Selon Middle East Eye, le PDSP est lié au Front populaire de libération de la Palestine, une organisation palestinienne laïque marxiste-léniniste et socialiste révolutionnaire. Cette association a été déclarée illégale en vertu d’ordres militaires israéliens qui remontent aux réglementations du mandat britannique.

Alors que certains de ses amis, dont 10 autres femmes, ont été condamnés à 14 mois de prison, elle a été libérée deux mois après avoir payé sa caution.

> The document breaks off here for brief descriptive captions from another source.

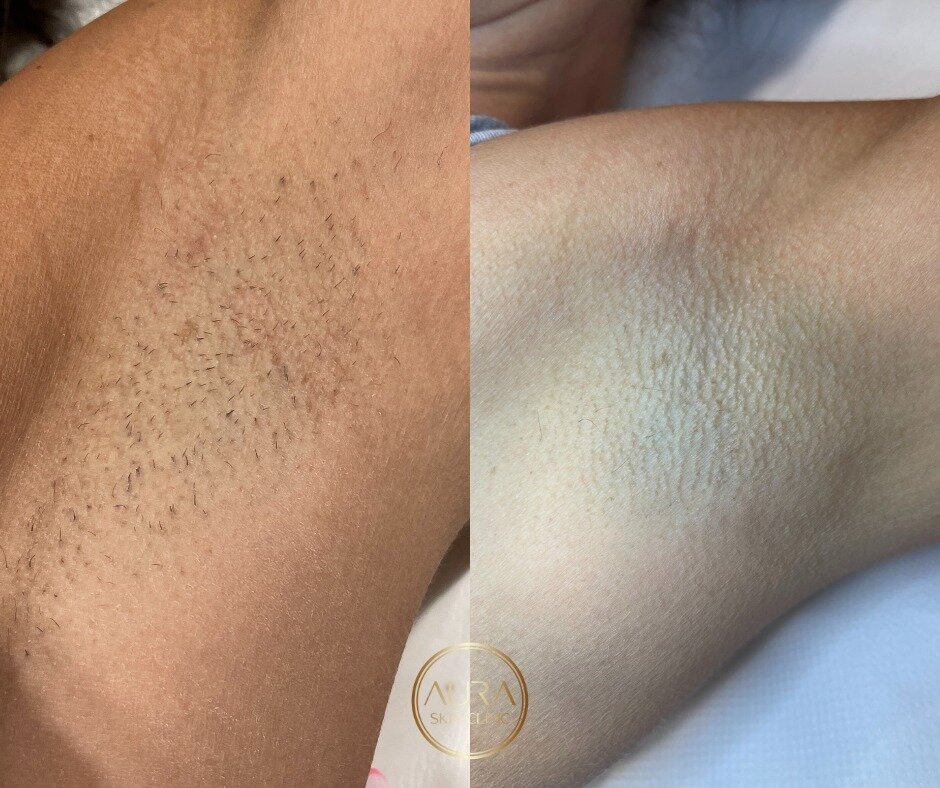 Before and after of 5 sessions of laser hair removal! 🥳 Client hasn't shaved in 6 weeks! 

There is still time to start your laser hair removal before summer arrives ☀️

30% OFF ALL Laser Hair Removal courses until 29th February! 

Book your patch t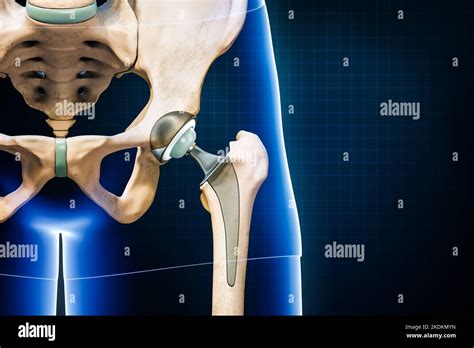 Proth Se De Hanche Ou Implant Isol Sur Fond Bleu Avec Espace De Copie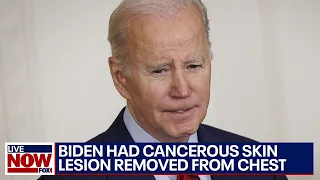 President Biden had cancerous skin lesion removed from chest, White House says | LiveNOW from FOX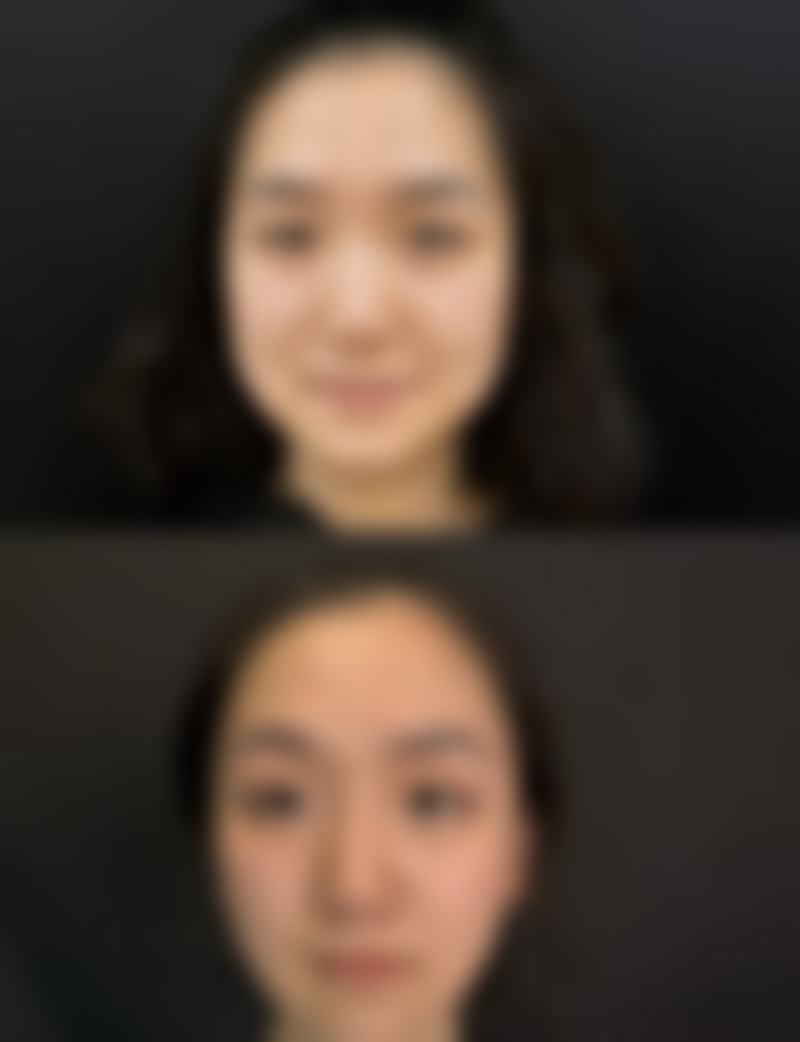 临沂艾佳医疗美容口碑评价怎么样？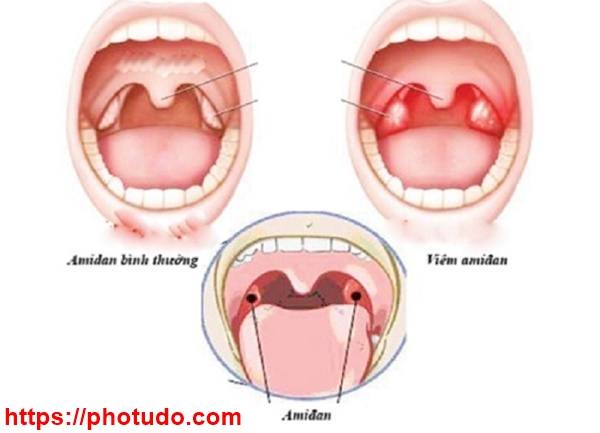 viêm amidan hốc mủ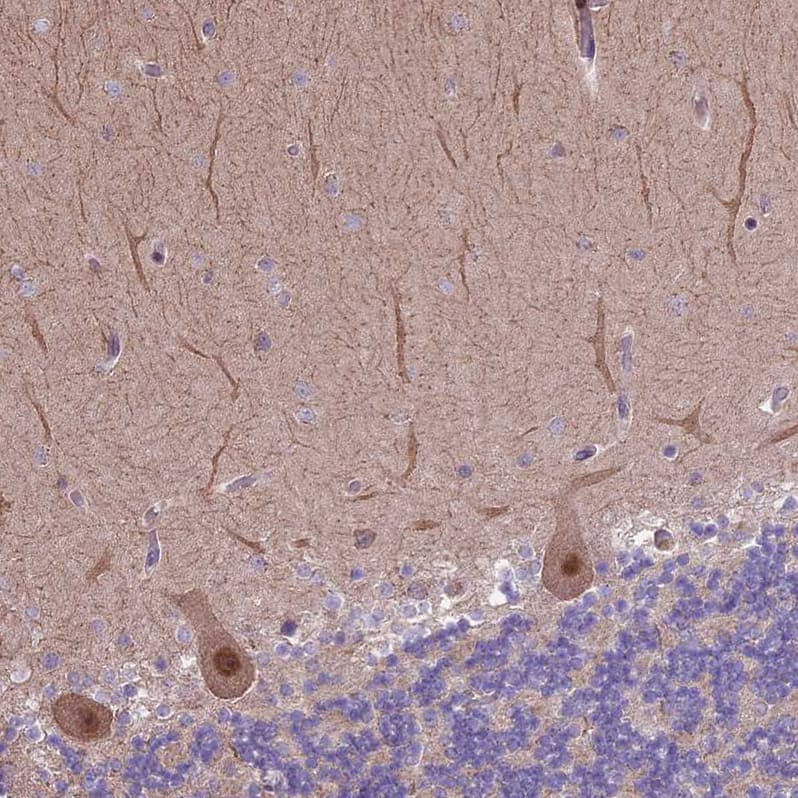 HDAC5 Antibody - BSA Free Immunohistochemistry-Paraffin: HDAC5 Antibody [NBP1-83436]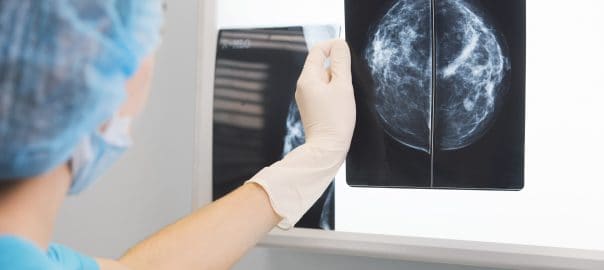Positron Emission Mammography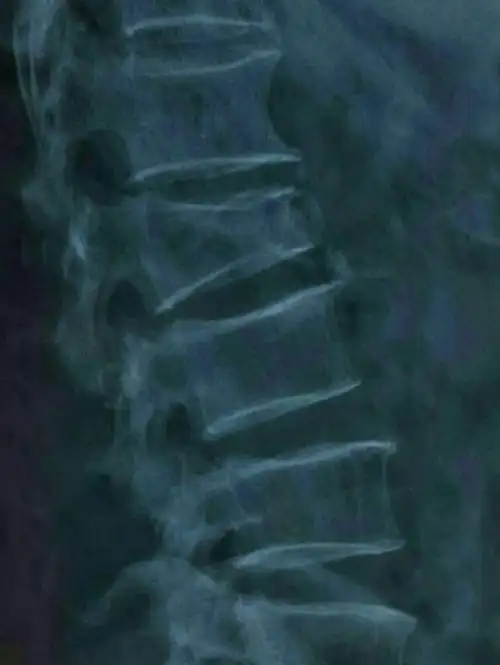 市一院骨六科完成经皮椎弓根钉棒内固定术治疗腰椎压缩性骨折一例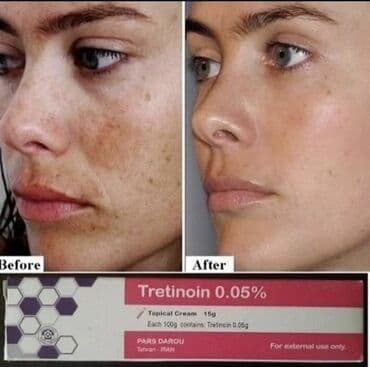 Üz kremi, Akneyə meyilli dəri üçün, 15 ml, Yeni, Pulsuz çatdırılma lalafo.az -da Üz kremi, Akneyə meyilli dəri üçün, 15 ml, Yeni, Pulsuz çatdırılma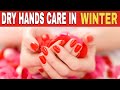 hand care tips at home in winter | hand care in winter | dry hands in winter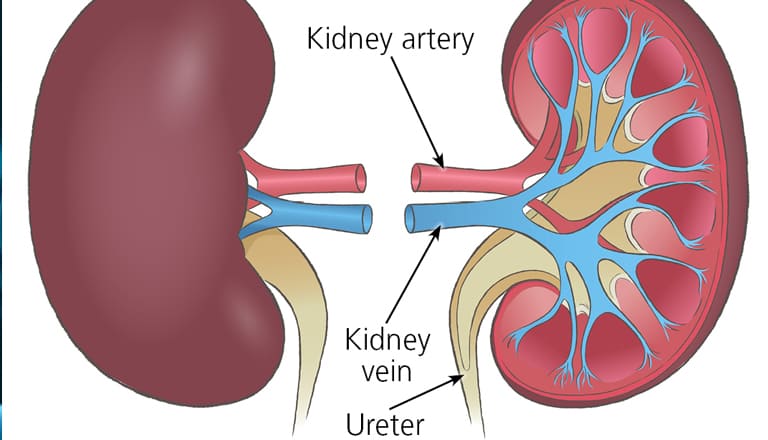 Kidney-Transplant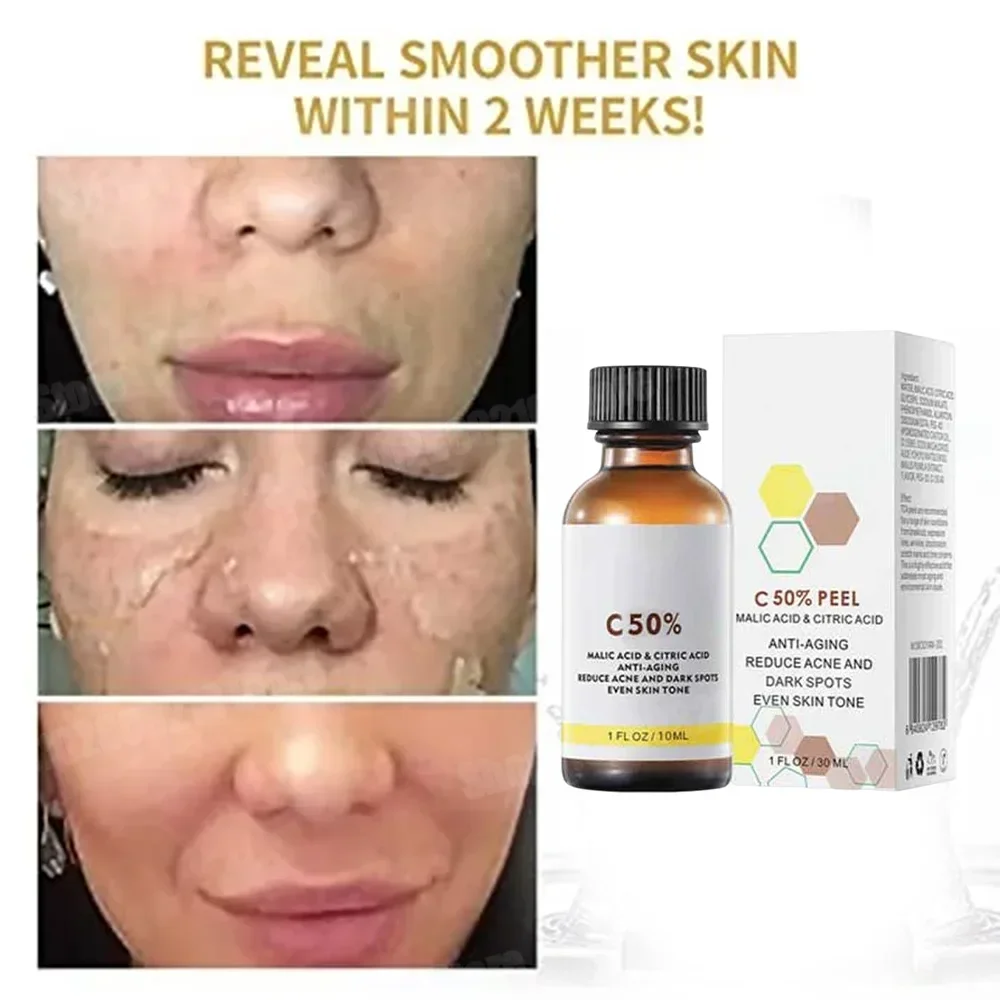 Salicylic Acid Cleanser - 살리실산 페이스 페이셜 필 중화제 페이스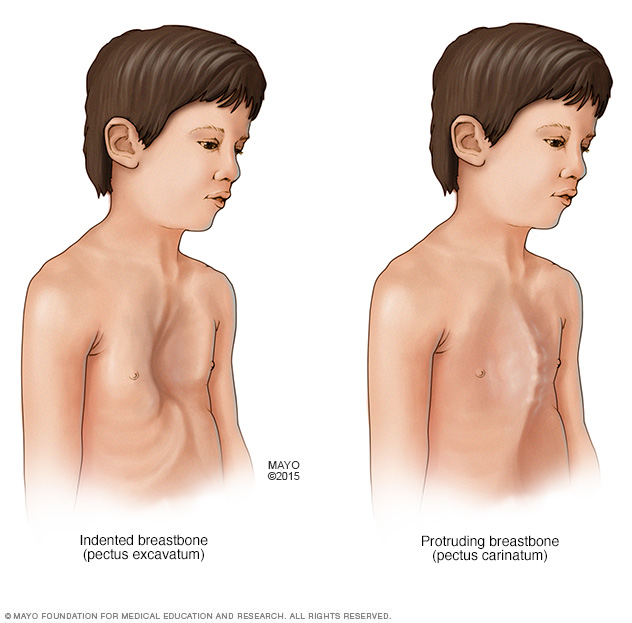 Chest abnormalities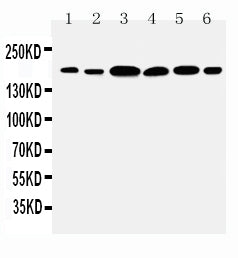 Anti-Laminin gamma 1 antibody, PA1581, Western blotting
Lane 1: Rat Kidney Tissue Lysate
Lane 2: Rat Lung Tissue Lysate
Lane 3: U87 Cell Lysate
Lane 4: SMMC Cell Lysate
Lane 5: HELA Cell Lysate
Lane 6: SKOV1 Cell Lysate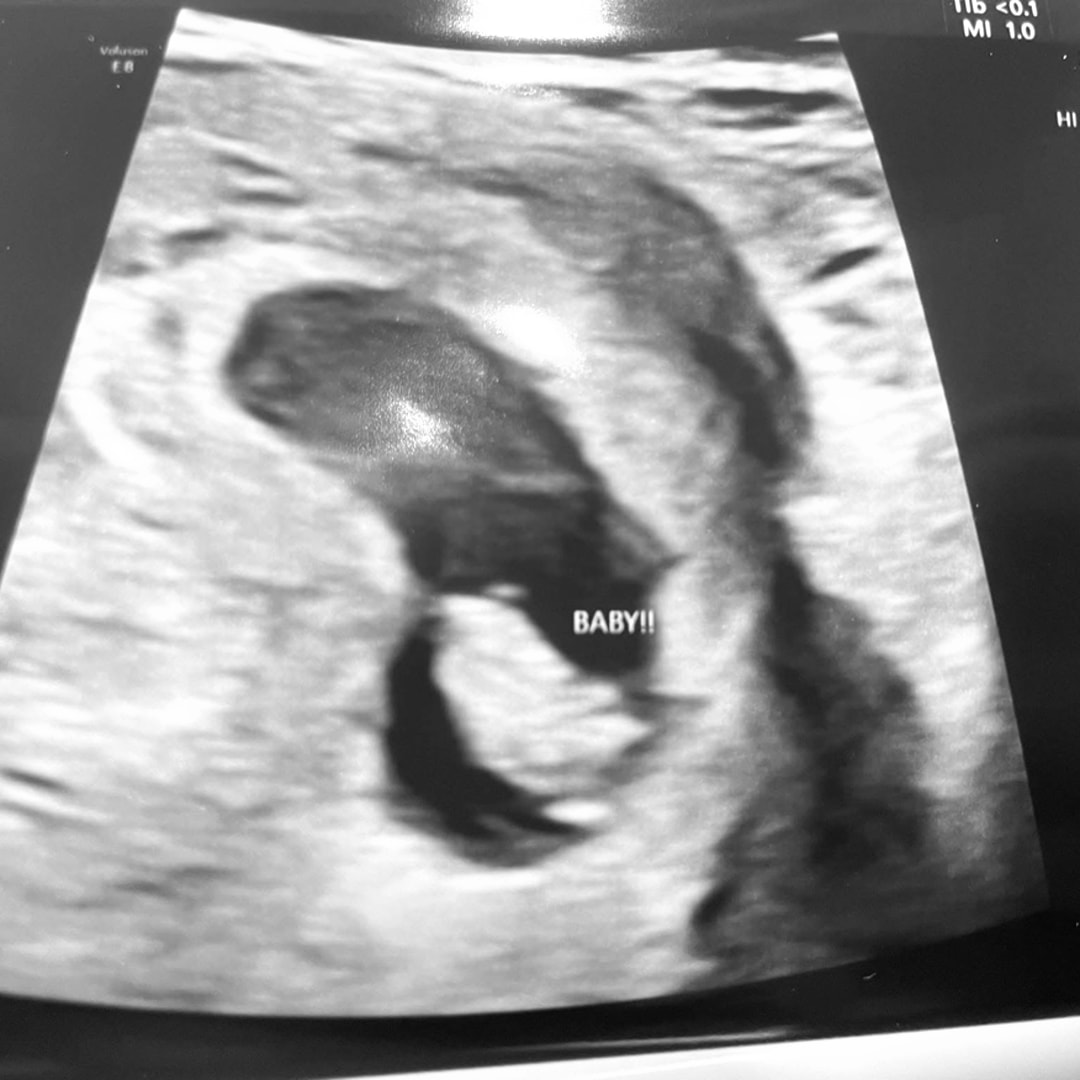 Photo shared by Elizabeth for their Babylist baby registry.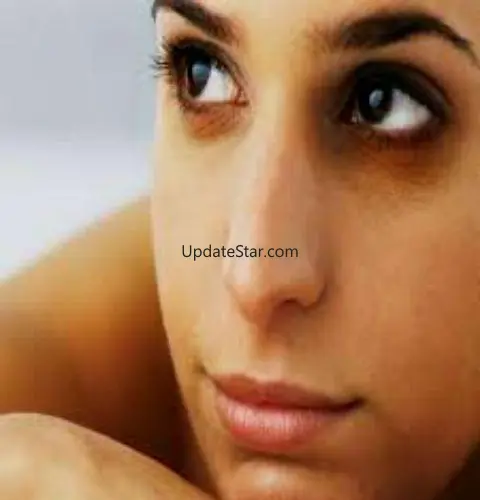 Dark Circles Tips 1.1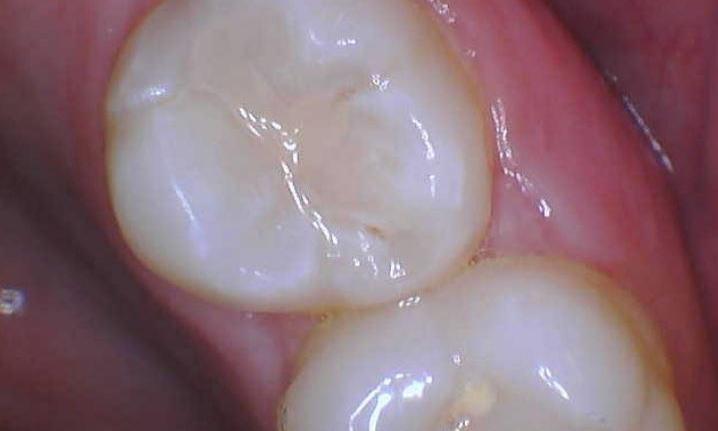 tooth colored fillings st cloud fl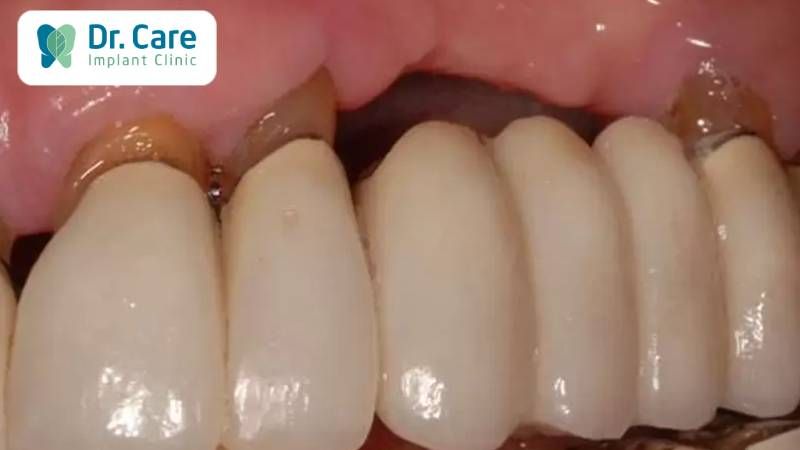 Tiêu xương sau khi sử dụng cầu răng sứ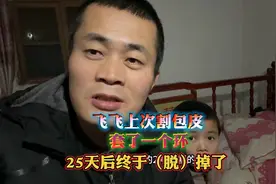 割包皮这个环，25天之后终于脱掉了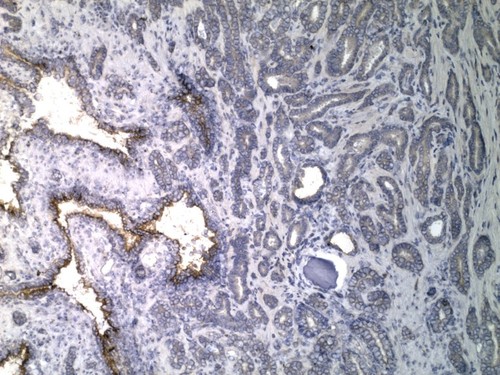 CIL:32626, Homo sapiens, endocrine-paracrine cell of prostate gland, basal cell of prostate epithelium, luminal cell of prostate epithelium, blood vessel endothelial cell, perineural cell, sheath cell, leukocyte, prostate stromal cell, smooth muscle cell of prostate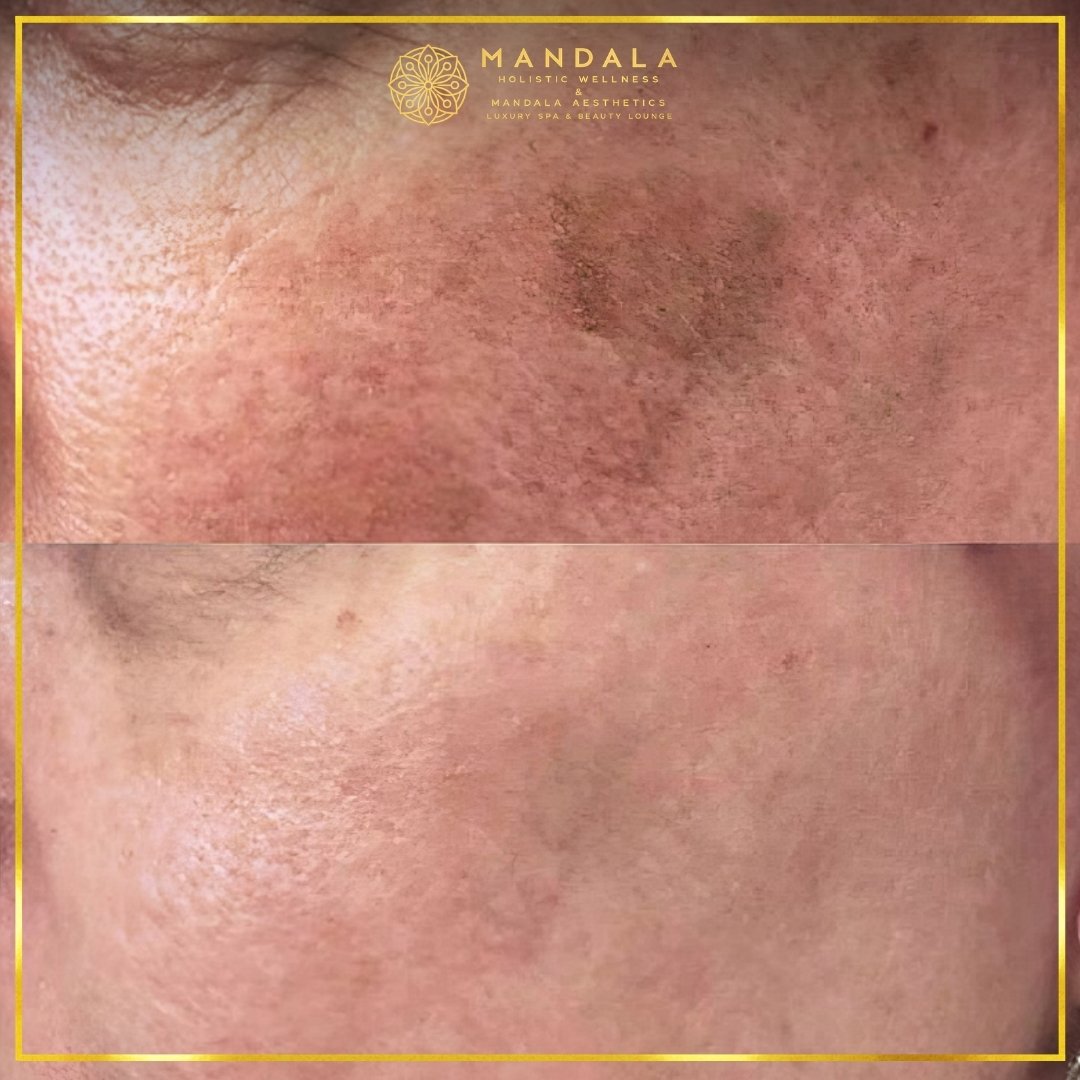WhiteLab Spot Melanin Removal before and after results showing the appearance of age spots, sun spots , freckles, melasma, pigmentation at Mandala Aesthetics in Preston, Melbourne.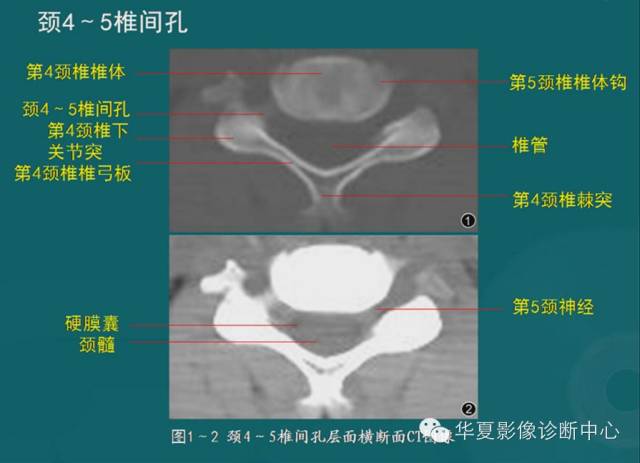 影像PPT - 史上最全断层解剖图谱-21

Depuis, elle se trouve dans un vide juridique, a déclaré la famille de Nasir au Guardian.

« [Israel claims] que les syndicats étudiants sont affiliés à des organisations en dehors du campus, mais cela ne veut pas dire que c'est vrai », aurait déclaré la cousine de Nasir, Tala Nasir, avocate palestinienne spécialisée dans les droits des droits de l'homme.

Layan Nasir vit avec ses deux frères et ses parents dans leur maison à Birzeit.

Jeudi dernier, suite à la mort de plusieurs travailleurs humanitaires lors de la guerre à Gaza, l'archevêque Welby a réitéré ses appels à un cessez-le-feu entre Israël et le Hamas.

Israël a lancé l'offensive en octobre dernier après que le Hamas, un groupe terroriste qui contrôle la bande de Gaza depuis 2007, a mené une attaque surprise le 7 octobre dans le sud d'Israël qui a tué 1 200 personnes, pour la plupart des civils. Plus de 240 personnes ont été enlevées. L'objectif d'Israël a été d'obtenir la libération des otages et d'éradiquer le Hamas.

Le ministère de la Santé de Gaza, dirigé par le Hamas, affirme que plus de 33 000 personnes ont été tuées à Gaza depuis le début de la guerre, un chiffre qui ne fait aucune différence entre les combattants et les survivants.

De nombreux acteurs internationaux et chefs religieux ont appelé à un cessez-le-feu, tandis que d’autres ont appelé Israël à éradiquer le Hamas.